Na primeira coluna do quadro estão listados os nomes das pessoas que desempenharam a função de articular o trabalho de avaliação entre o MEC e a equipe de avaliadores ao longo do tempo, denominadas de Coordenador de Área, Coordenador ou Comissão Técnica. Nos primeiros processos (1996 e 1997) o trabalho foi desenvolvido por uma só representante, a professora doutora Ernesta Zamboni, e nos dois anos seguintes (1999 e 2000 / 2001) o professor doutor Holien Gonçalves Bezerra trabalhou em conjunto com outras pessoas denominadas de assessores de área, cuja principal ação foi a condução efetiva do processo de avaliação junto aos pareceristas, liberando o representante da Comissão Técnica para as demandas junto ao MEC. Note-se que o uso da expressão “institucional” para designar o cargo do profissional que vai atuar em parceria com a Comissão Técnica aparece nos Guias somente no ano de 2004, e permanece até o Guia de 2018. No período de 2004 a 2015 vigorou o modelo no qual o MEC indicava a Comissão Técnica e esta escolhia a Instituição e, em decorrência, o Coordenador Institucional e o Coordenador Pedagógico. Essa primeira alteração no anúncio das equipes, que pode ser constatada nos Guias, é um ponto importante para entender como se consolidou a parceria entre o MEC e as Universidades ao longo do PNLD pois, ainda que a Unicamp e a UFG estejam representadas nas figuras da professora Ernesta e do professor Holien, respectivamente, no ano de 2004 a indicação explícita de vínculo institucional remete a duas questões basilares no PNLD: a primeira no âmbito logístico, pois toda a estrutura da organização quanto aos encontros dos avaliadores ficará a partir de então a cargo da instituição, e a segunda de caráter pedagógico, pois se efetiva a valorização da produção do conhecimento produzido na área e que, em tese, deve alicerçar o processo de avaliação dos conteúdos apresentados nas obras. Isso porque, em conjunto, Comissão Técnica, Coordenação Institucional e Coordenação Pedagógica selecionam a equipe de avaliadores.

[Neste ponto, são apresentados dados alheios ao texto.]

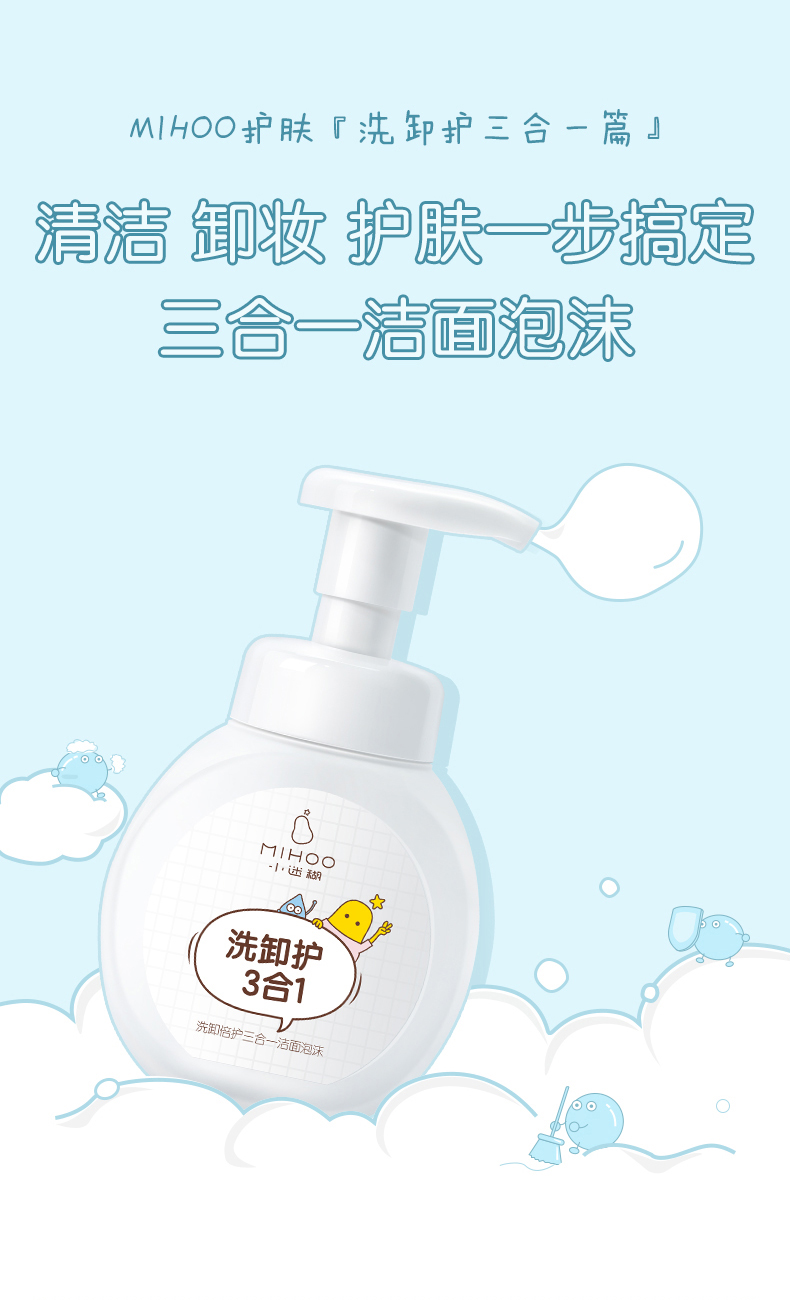 MIHOO 小迷糊 日本进口氨基酸 洗卸倍护三合一洁面泡沫 150ml 天猫优惠券折后￥39.9包邮（￥69.9-30）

Nos documentos analisados é possível identificar a efetivação desse modelo ao constatar que a partir do Guia de 2007 a página de apresentação da equipe responsável pela avaliação encerra-se com a indicação da instituição responsável pela avaliação. Em 2010 foi promulgado o Decreto 7.084 / 2010 (Brasil, 2010) que estabeleceu o PNLD como programa de Estado, sendo os processos avaliativos subsequentes regidos pelo que ali foi disposto, complementados a cada edição do programa por instruções normativas que atendiam e buscavam solucionar as demandas pontuais geradas, pois o empreendimento de elaboração, avaliação e distribuição de livros didáticos implica dialogar com os movimentos da ação educativa e amplos setores da sociedade, o que nos coloca frente a um objeto em constante reformulação.

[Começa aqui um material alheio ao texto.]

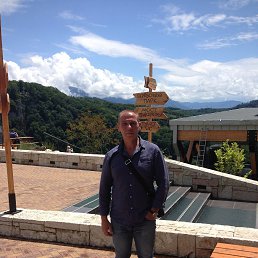 �����, ����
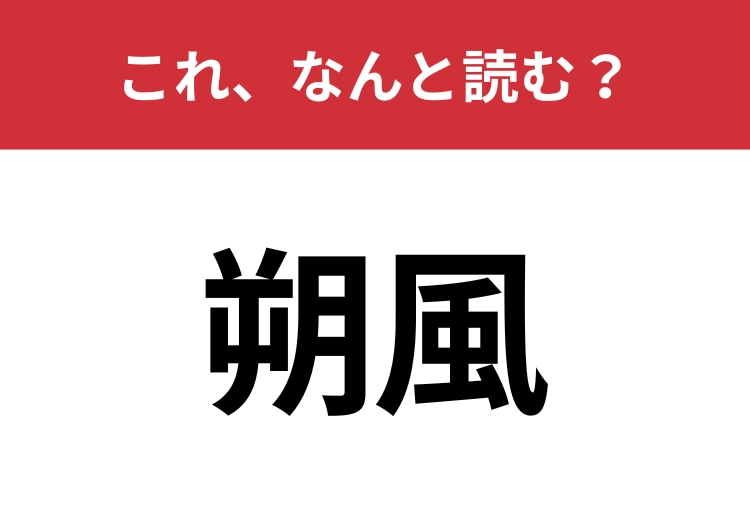 【朔風】はなんと読む?知っていたら博識!のメイン画像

Ora, ao definir o PNLD como política de Estado e não de governo, defende-se que suas ações tenham caráter mais permanente e sistêmico, indo além de escolhas de ocasião ou medidas conjunturais para responder à agenda política interna. Ainda que a produção, avaliação e distribuição de materiais didáticos por meio do PNLD se configurem como ações em constante movimento e confiram espaço para as inovações e atualizações, não se pode renunciar ao compromisso ético e político do Estado brasileiro com a democracia, a cidadania, o pluralismo de ideias, a justiça social, os direitos humanos, enfim, com os valores civilizatórios e republicanos que são pautados e consensualmente considerados como essenciais nas sociedades contemporâneas. Destarte, esses são valores e fundamentos que devem constituir os critérios para avaliação e distribuição de materiais didáticos às crianças e jovens da educação básica, no âmbito do PNLD, daí a importância de garanti-lo como política de Estado.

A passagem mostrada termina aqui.